For the sales team shown below, account research and planning is the largest use of credits—a starting point for discussing how AI changes account preparation.
The Use cases table breaks down a team’s work by task, with credits, messages, and active users.
Identify where teams need training and support
In task details, the Models , Reasoning , and Speed breakdowns show each setting’s share of credits for a task. This helps admins assess whether the setup fits the work and target training on model selection. A routine brief, for example, may be worth testing with a faster or lower-cost setup, comparing quality and the time spent reviewing and correcting it.
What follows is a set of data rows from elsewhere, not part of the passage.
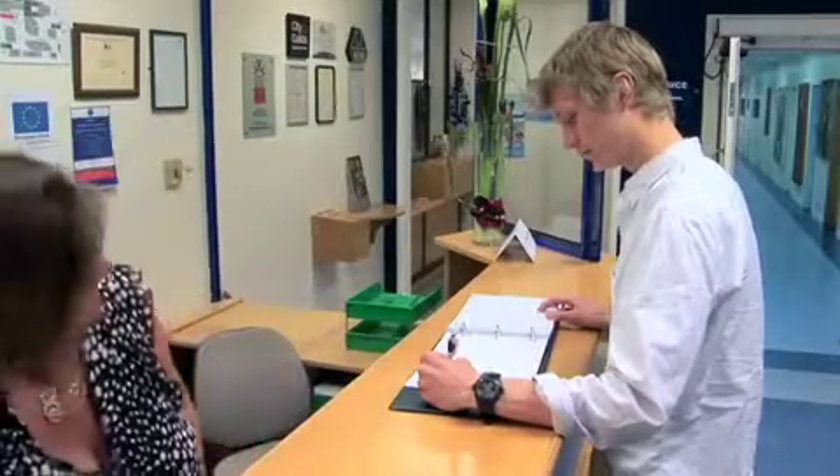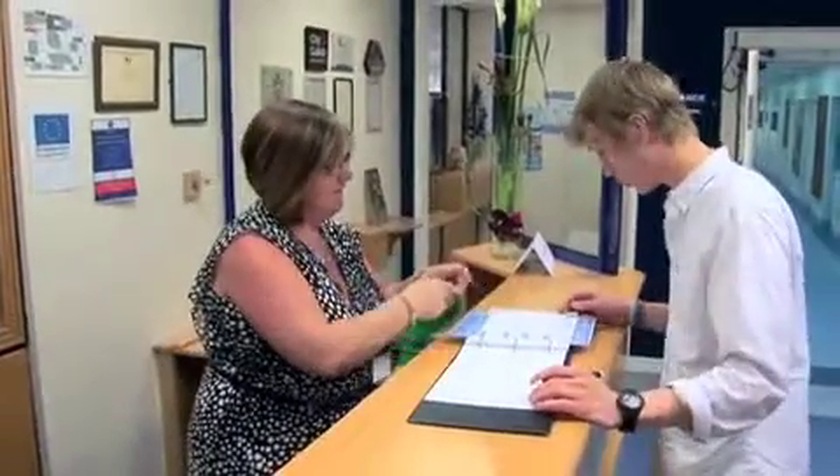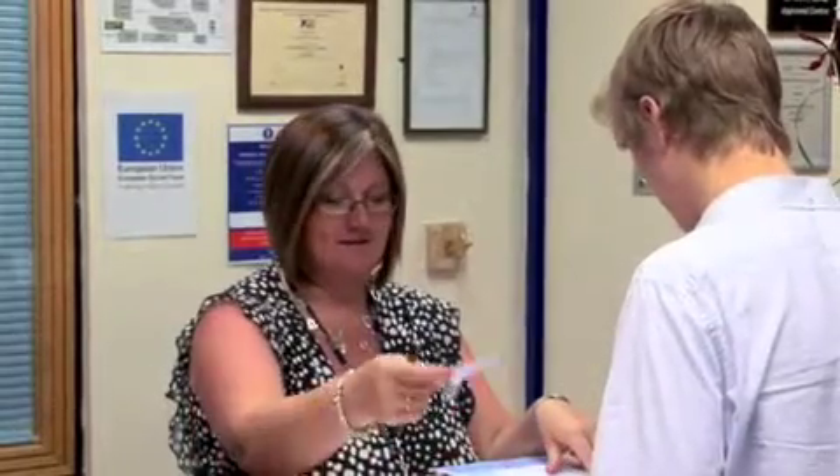I would definitely recommend an NVQ course at Tyne Met. I do think it's developed me as a professional from a point of view where I don't panic in a situation now and I can also handle negative situations with good customer service.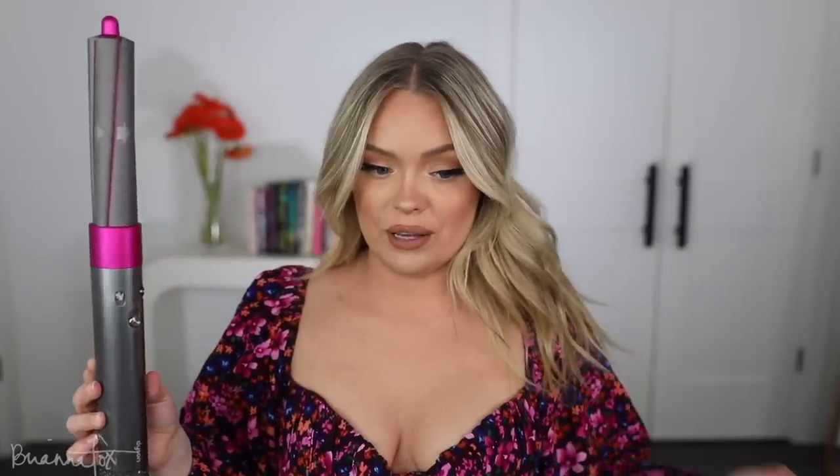So I'm starting with the Dyson Airwrap. I am obsessed with this. Today I used a normal curling iron and did beachy waves for the first time in forever, but I've been doing a blowout with my hair recently and I've been using the Airwrap. And anytime I use this consistently, both of the girls that do my hair tell me that they notice a huge difference in the health of my hair.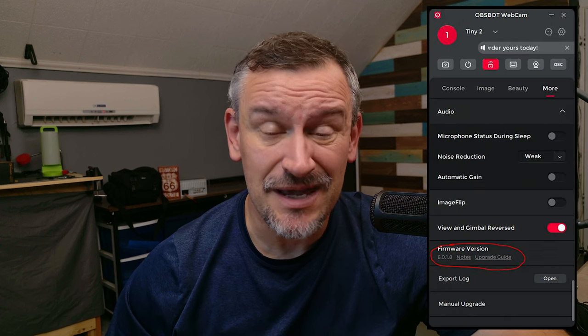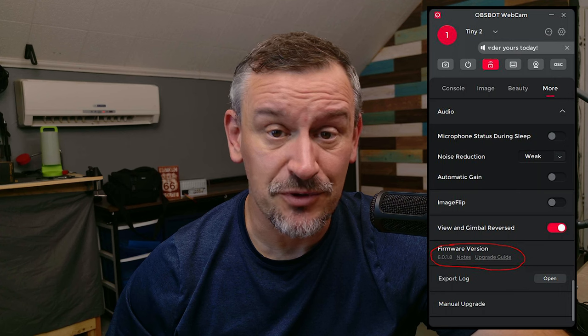Guys, I put out a review for the Opsbot Tiny 2 today, and it's a near perfect webcam. I gave it a near perfect score, but the autofocus performance was the one place that I dinged it on — it had a bit of slow autofocus performance. The good news is that Opsbot has released a firmware update for this webcam, making its autofocus pretty close to perfect.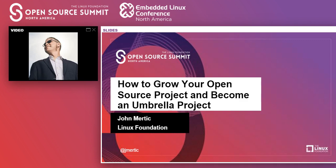Welcome everybody, and good afternoon. Hopefully you've had an enjoyable open source summit virtual experience. Thank you for coming to this talk. I'm going to talk today about growing your open source project to become an umbrella project and what that looks like, from the perspective of a project that I've worked with — the Open Mainframe Project — that went through this process.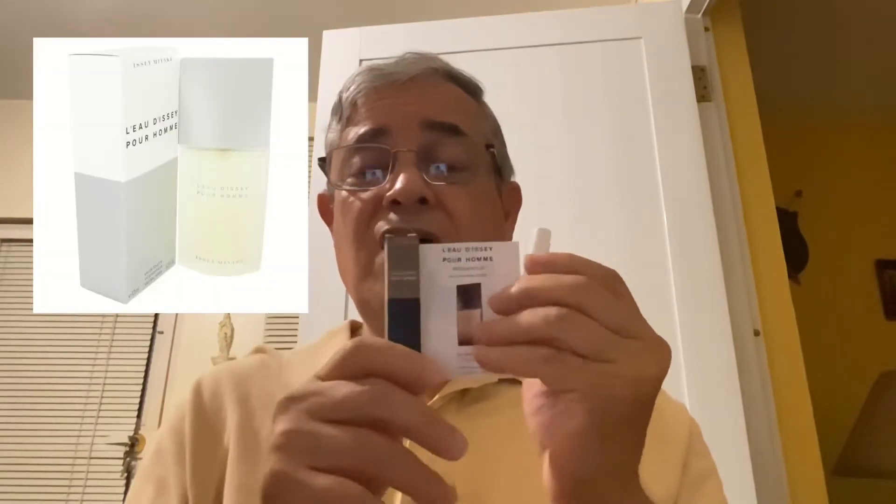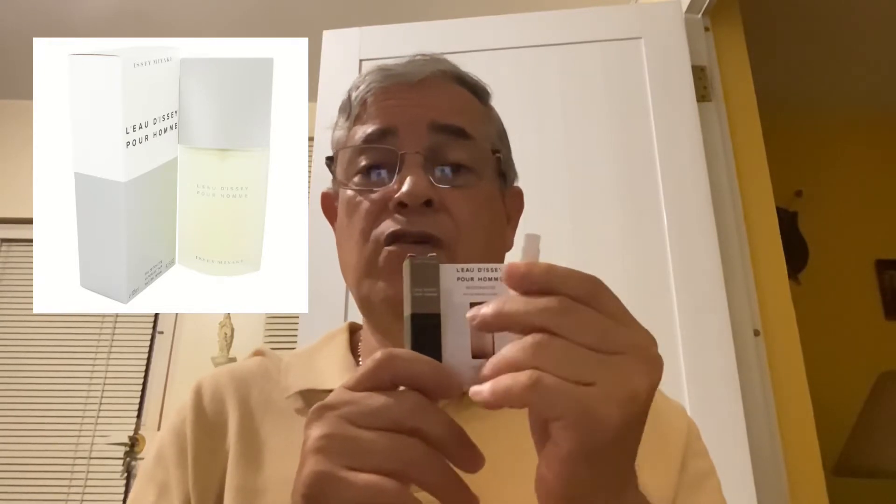I decided to buy this sample since I like the Issey Miyake line. I have the original Issey Miyake fragrance — a great citrusy aromatic fragrance, good for here in Puerto Rico. I wanted to try this one since it's a mix of citrus and woody and see how it is.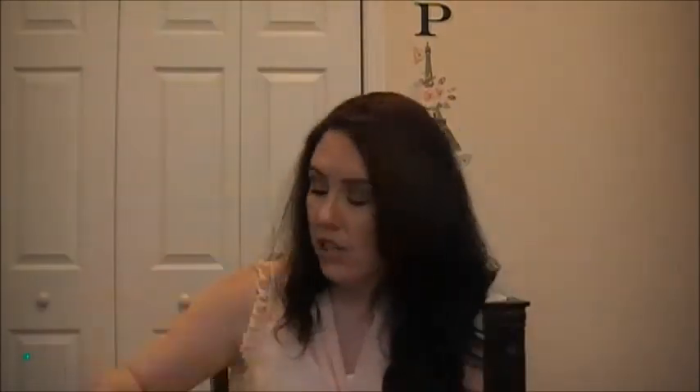Then I got the Microfiber Dish Cloth with a lemon print. When I make my little ladder that goes on your countertop, I'm going to put this on it. You get a yellow one and then one with lemons — it has the microfiber part — and it was only $1.00 at Dollar General. And that is all that I got from Roses, Family Dollar, and Dollar General. Thank you so much for watching. Bye!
The Plugin leaderboard and Skills view show which tools support a task, helping admins focus training and decide which workflows to maintain or share. Low use of a relevant plugin may point to an access or training need; a frequently used skill may need a clear owner and regular updates.
Track Codex contributions to engineering outcomes
The Outcomes view shows Codex contributions to merged commits and lines of code, alongside code-review activity. Trends and available group, user, or repository filters help admins and engineering leaders understand adoption and decide where to expand access or support teams.
If Codex contributes to a growing share of merged code, engineering leaders can compare that trend with review time, defects, and rework to assess whether it is helping the team ship software more effectively.
The Outcomes view tracks the share of merged commits and lines of code with Codex contributions over time.
The Admin plugin in ChatGPT Work lets admins compare adoption, spend, and tasks, then turn findings into reports for budget and rollout decisions. It can also create finished work, such as a leadership deck with charts, key findings, and recommended next steps, ready to share with cross-functional stakeholders.
With the Admin API, teams can automate reports in their own dashboards and combine analytics with business-system data. For example, a support dashboard could show credit use alongside ticket resolution time.
The Admin plugin compares team credit trends and summarizes changes for a monthly rollout review.
Connect analytics to business outcomes
Usage and task data are a starting point for admins to investigate value with business owners. Business owners add the context needed to assess it: what changed in the workflow, whether results improved, and what that improvement is worth. Together, they can connect product activity to measures such as delivery time, quality, or profitability.
Suppose the task classifier in the Admin Console shows that account research is common in a sales group. The admin checks whether model choices fit the task, provides training where a CRM plugin is underused, and shares a skill for consistent account plans. The sales owner then compares preparation time and plan quality with the team’s baseline. If time is saved, they track how much goes into customer conversations, which conversations become qualified opportunities, and which opportunities become sales. Revenue and contribution margin on that business help show whether the extra capacity produces a financial benefit.